### Source records ###
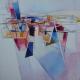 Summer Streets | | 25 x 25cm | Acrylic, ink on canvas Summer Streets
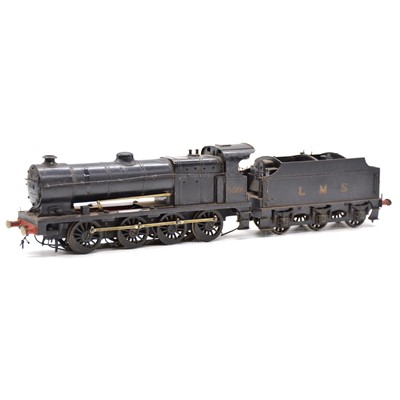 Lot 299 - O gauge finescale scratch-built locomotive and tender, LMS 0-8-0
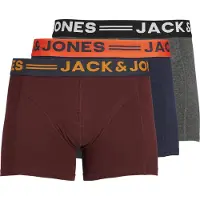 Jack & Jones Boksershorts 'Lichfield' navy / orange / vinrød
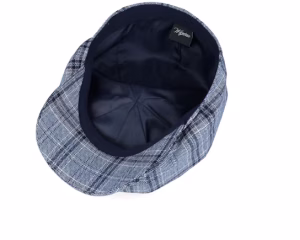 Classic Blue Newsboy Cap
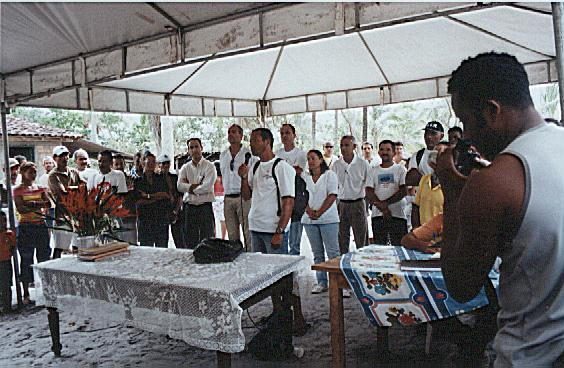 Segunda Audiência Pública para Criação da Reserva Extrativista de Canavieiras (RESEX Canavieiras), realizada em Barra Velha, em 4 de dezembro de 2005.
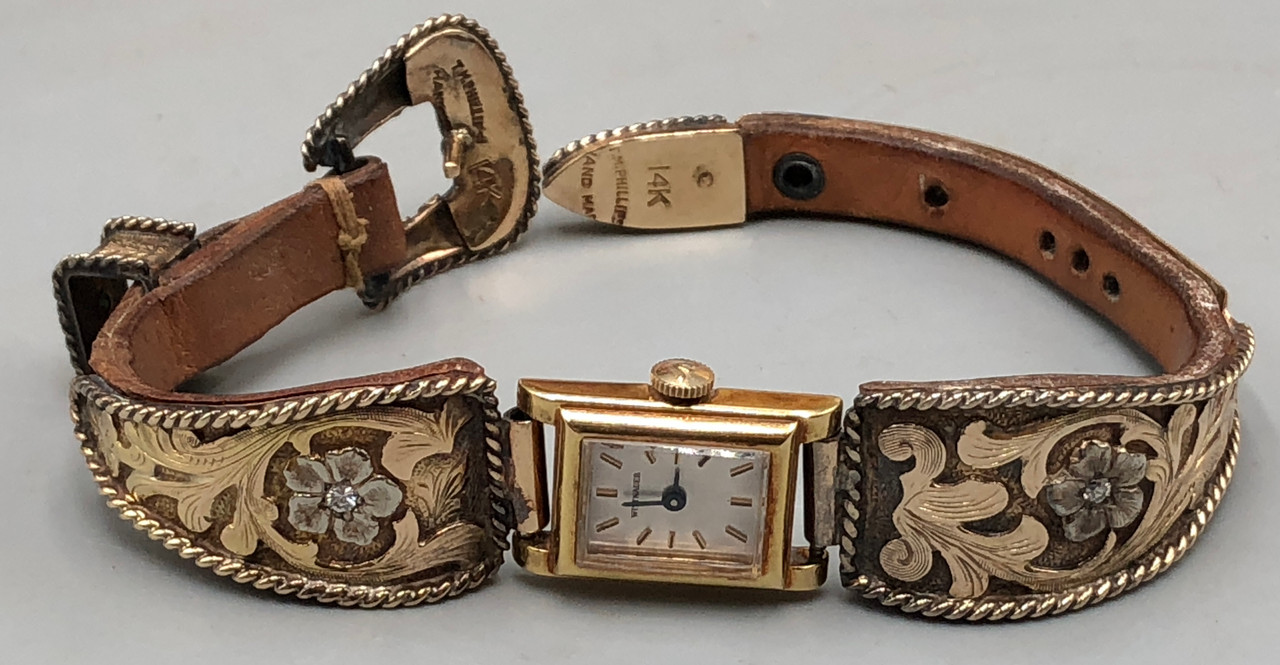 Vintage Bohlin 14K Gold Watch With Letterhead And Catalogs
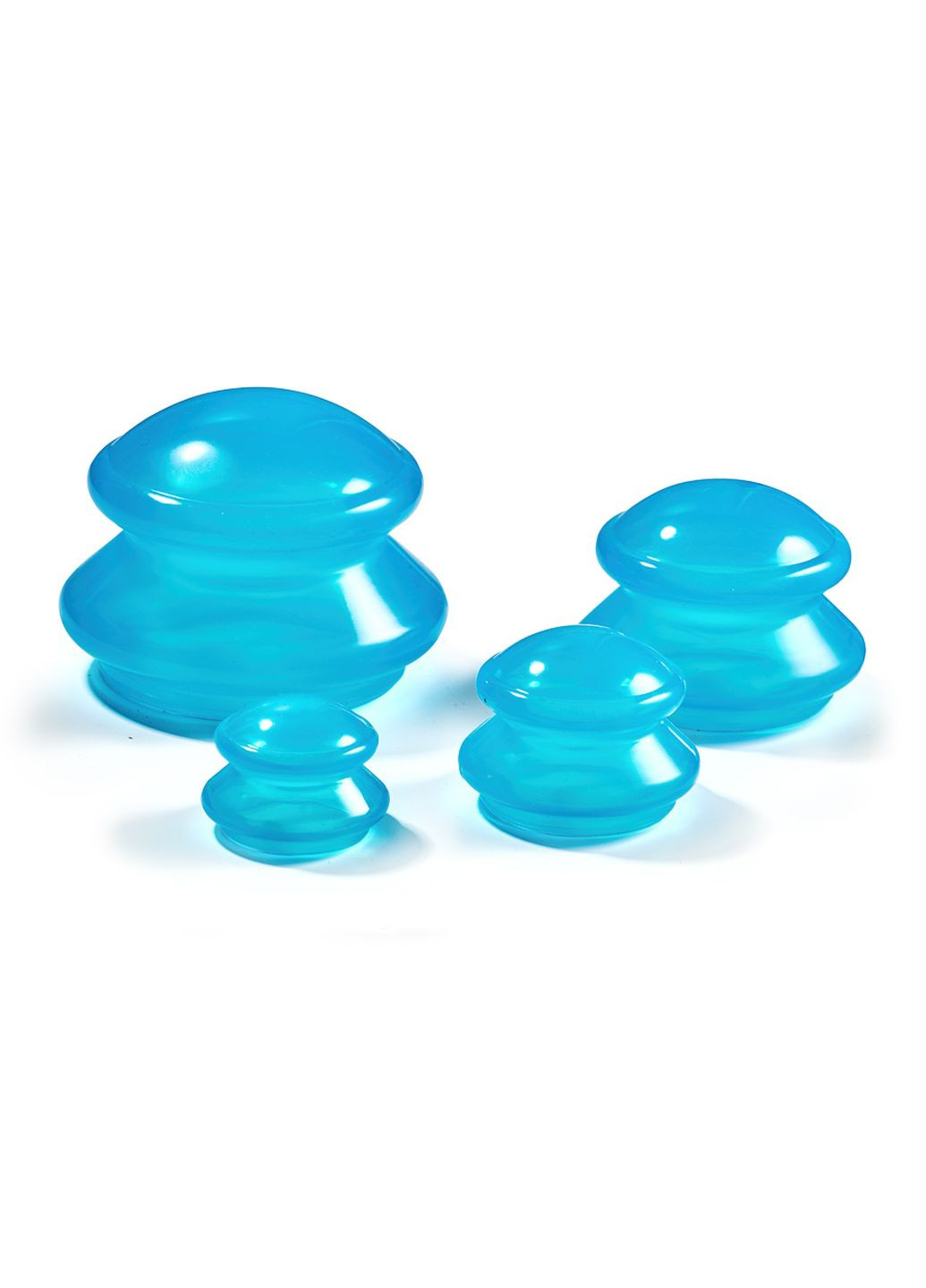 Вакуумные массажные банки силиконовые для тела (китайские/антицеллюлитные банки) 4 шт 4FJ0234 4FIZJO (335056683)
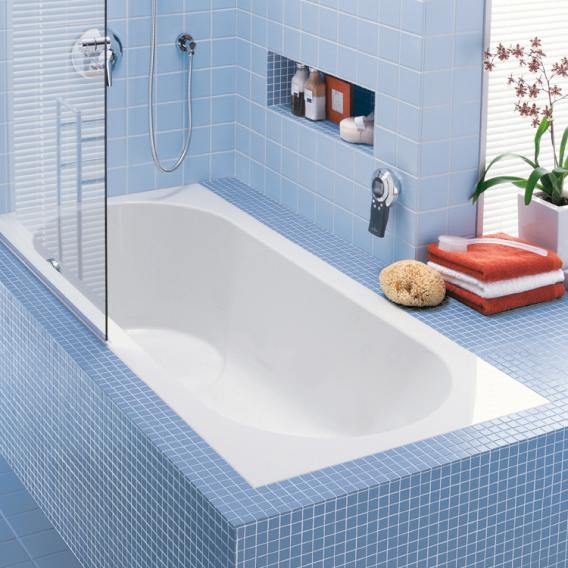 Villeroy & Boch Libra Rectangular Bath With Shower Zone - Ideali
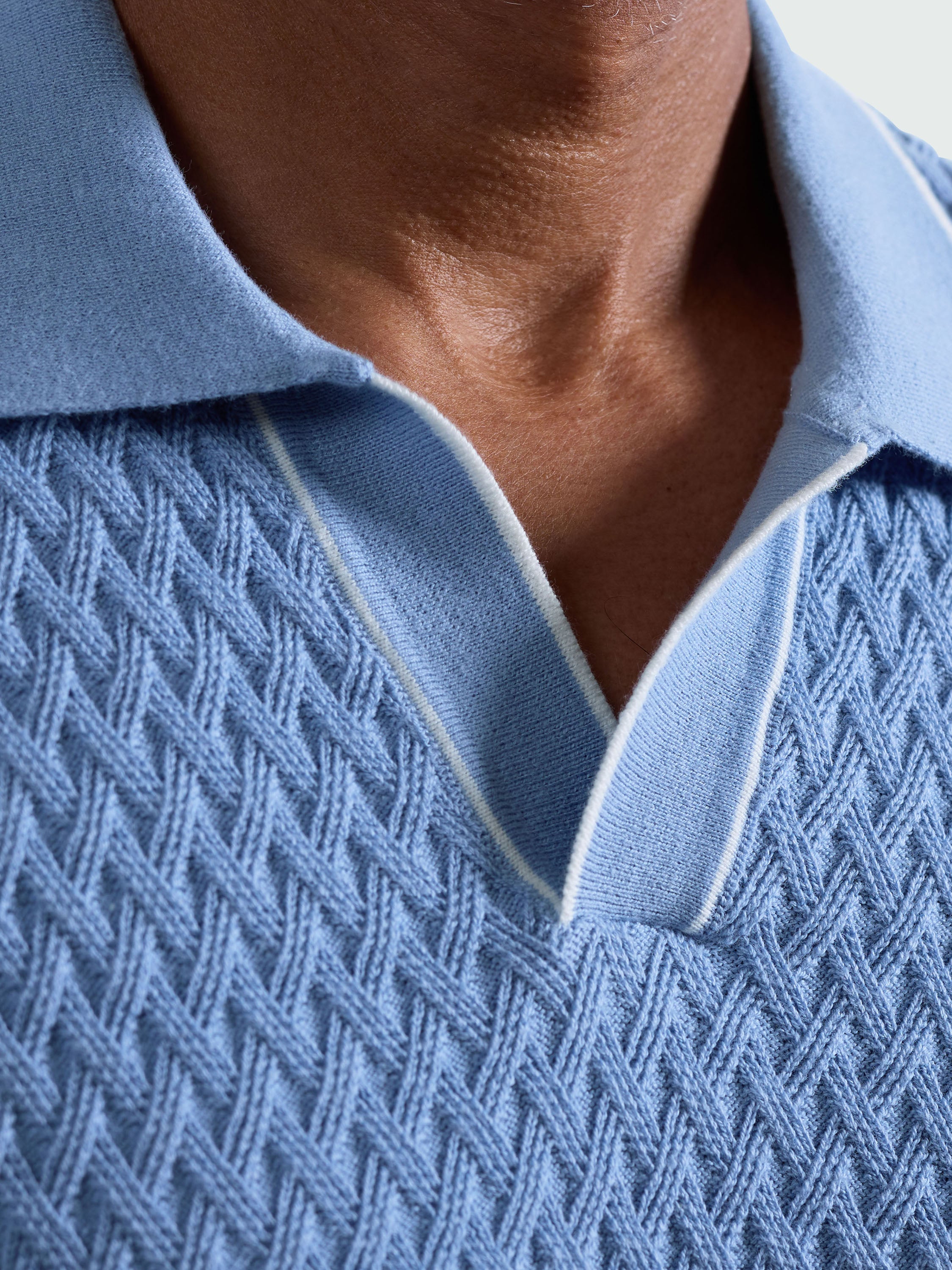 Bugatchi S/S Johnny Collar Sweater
###
What this task involves - Every line from the one containing "Villeroy & Boch" through the last line of the listing must be written out again exactly, and no other line. Leave the pictures aside.

Answer to this exercise -
 Villeroy & Boch Libra Rectangular Bath With Shower Zone - Ideali
 Bugatchi S/S Johnny Collar Sweater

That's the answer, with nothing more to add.